- Born: Keletso Joseph Rakhudu
- Occupation: Politician
- Spouse: Mavis Rakhudu
- Children: 3

= Keletso Rakhudu =

Motswana politician

Keletso Joseph Rakhudu is a Motswana politician who served on the Pan-African Parliament representing Botswana and on the Parliament of Botswana for Gaborone as the Assistant Minister of Trade Ministry, Assistant Minister of Education and Skills Development, and Assistant Minister of Finance and Development Planning in varying times from 2004 to 2014. He was a part of the Botswana Democratic Party.

Rakhudu started politics in 1999 after being elected to the Gaborone City Council. Before his political career, he worked at Kgosi Kgari Sechele II Secondary School in Molepolole from May 1979 to January 1983, where he taught English and Geography.

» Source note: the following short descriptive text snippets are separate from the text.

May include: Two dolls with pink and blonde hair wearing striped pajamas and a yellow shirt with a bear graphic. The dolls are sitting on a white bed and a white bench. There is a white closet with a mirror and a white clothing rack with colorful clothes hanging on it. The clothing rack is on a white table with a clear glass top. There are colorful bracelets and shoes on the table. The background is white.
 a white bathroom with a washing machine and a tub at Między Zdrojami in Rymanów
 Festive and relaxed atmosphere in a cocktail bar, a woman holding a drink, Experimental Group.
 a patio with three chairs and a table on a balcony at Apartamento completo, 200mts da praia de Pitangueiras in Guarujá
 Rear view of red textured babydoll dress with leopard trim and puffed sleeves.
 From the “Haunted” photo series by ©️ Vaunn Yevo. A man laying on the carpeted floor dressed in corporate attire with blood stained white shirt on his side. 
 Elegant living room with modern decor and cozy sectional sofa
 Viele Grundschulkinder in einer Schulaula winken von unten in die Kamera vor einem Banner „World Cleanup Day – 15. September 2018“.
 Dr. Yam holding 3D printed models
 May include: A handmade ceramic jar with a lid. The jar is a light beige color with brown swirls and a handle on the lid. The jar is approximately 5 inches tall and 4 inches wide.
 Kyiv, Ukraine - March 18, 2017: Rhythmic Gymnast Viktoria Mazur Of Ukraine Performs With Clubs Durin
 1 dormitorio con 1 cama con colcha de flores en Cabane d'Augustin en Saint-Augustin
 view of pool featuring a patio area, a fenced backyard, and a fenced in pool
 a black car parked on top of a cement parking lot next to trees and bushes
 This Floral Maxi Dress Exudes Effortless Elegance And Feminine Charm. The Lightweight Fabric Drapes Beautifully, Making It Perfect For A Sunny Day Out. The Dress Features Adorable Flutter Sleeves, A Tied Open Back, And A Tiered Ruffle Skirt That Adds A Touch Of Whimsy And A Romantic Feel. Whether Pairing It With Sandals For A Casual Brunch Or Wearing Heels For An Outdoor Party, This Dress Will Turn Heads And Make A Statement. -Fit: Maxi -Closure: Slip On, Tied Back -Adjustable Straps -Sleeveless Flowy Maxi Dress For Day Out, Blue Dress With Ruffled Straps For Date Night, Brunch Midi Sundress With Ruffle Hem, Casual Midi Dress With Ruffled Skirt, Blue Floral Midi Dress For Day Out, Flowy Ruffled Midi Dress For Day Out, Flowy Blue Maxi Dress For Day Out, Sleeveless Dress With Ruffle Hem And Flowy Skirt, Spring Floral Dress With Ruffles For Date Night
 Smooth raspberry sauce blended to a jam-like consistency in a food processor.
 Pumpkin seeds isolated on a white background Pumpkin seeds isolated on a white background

Rakhudu has also worked as the chief executive officer for Longman Botswana, as a professional tswana-style guitar player and alto saxophone player under the name “Kaizur”, a developmental worker for the Botswana Music Union, a supporter of Notwane F.C., the founder/director of Funeral Services Group, a shareholding company with farms in Serokolwane, and as a farmer rearing cattle, small stock, poultry, and guinea fowls.